If you strip away religion and metaphysics and think of the human species in strictly naturalistic terms, you will see that “humanity” – the universal subject, together with Marx, that Malik inherits from monotheism – is a figment of the imagination. “Science cannot determine values,” Malik writes, “because one cannot determine what is right and wrong without already having constructed a moral framework within which to evaluate the data.” True enough; but if you cannot call on any conception of humanity from an area of knowledge outside science, what reason could there be for thinking that one and only one system of values is peculiarly human? Or for thinking of history as a process in which these values are gradually unfolding?

Marx was able to assert that some values were quintessentially human, even as he denied that there was any constant human nature, because he believed history had an internal logic that was somehow inherently good. Without that comforting conviction – which Marx borrowed illicitly from religion – Malik’s universal values are left hanging in empty space. Once you have really given up monotheism, you have to say goodbye to the idea that human values can be universal or objective in the sense that rationalists such as Malik want to believe. You are left with the existing human animal, with its many different histories and perpetually warring moralities.

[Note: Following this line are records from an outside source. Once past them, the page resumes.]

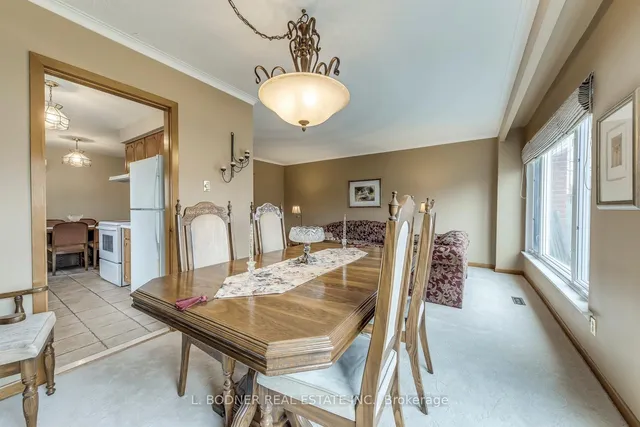 Additional image 9 of 6899 Darcel Ave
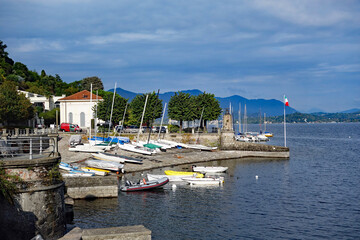 Fototapeta na wymiar Lago Maggiore Hafen von Lesa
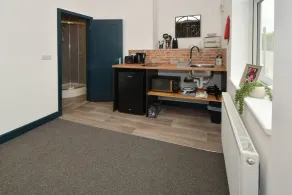 Stay @ Shobnall Rooms & Studios Burton - Image 4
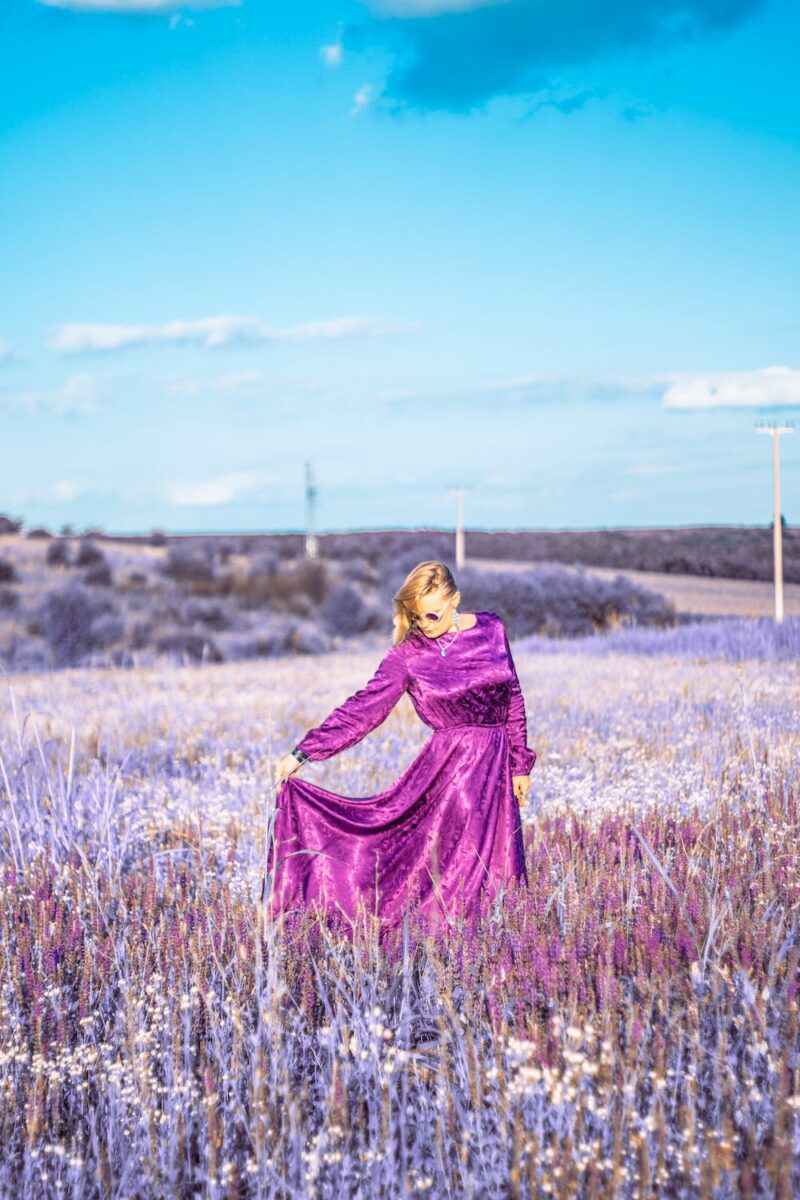 Vestido roxo Significado do sonho: Explorando o simbolismo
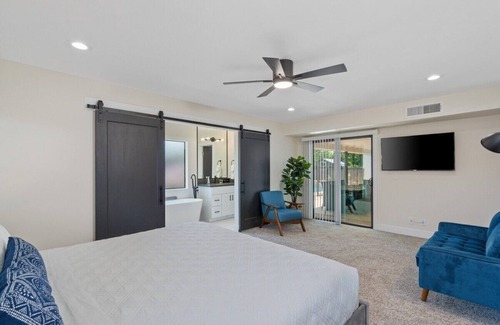 Raskin Estates House | Modern 4BR Home with Pool & Game Room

Malik’s inability to accept this inescapable truth gives his constant invocation of “humanity” a kind of comic poignancy. Here below, on the conflict-ridden earth, human beings are raucously diverse and often savagely divided in their values, and vanishingly few of them have any interest in Malik’s inchoate post-Marxian visions. But somewhere in the heavens, far above the stale air of the Trotskyist meeting room, floats universal humankind – a serene, Cheshire-cat-like being, more nebulous and chimerical than the gods of the past, but seemingly still capable of casting a glimmer of meaning into the lives of disoriented ex-members of extinct revolutionary sects.

John Gray is the New Statesman’s lead book reviewer. His latest book, “The Silence of Animals: On Progress and Other Modern Myths”, is published by Penguin (£9.99)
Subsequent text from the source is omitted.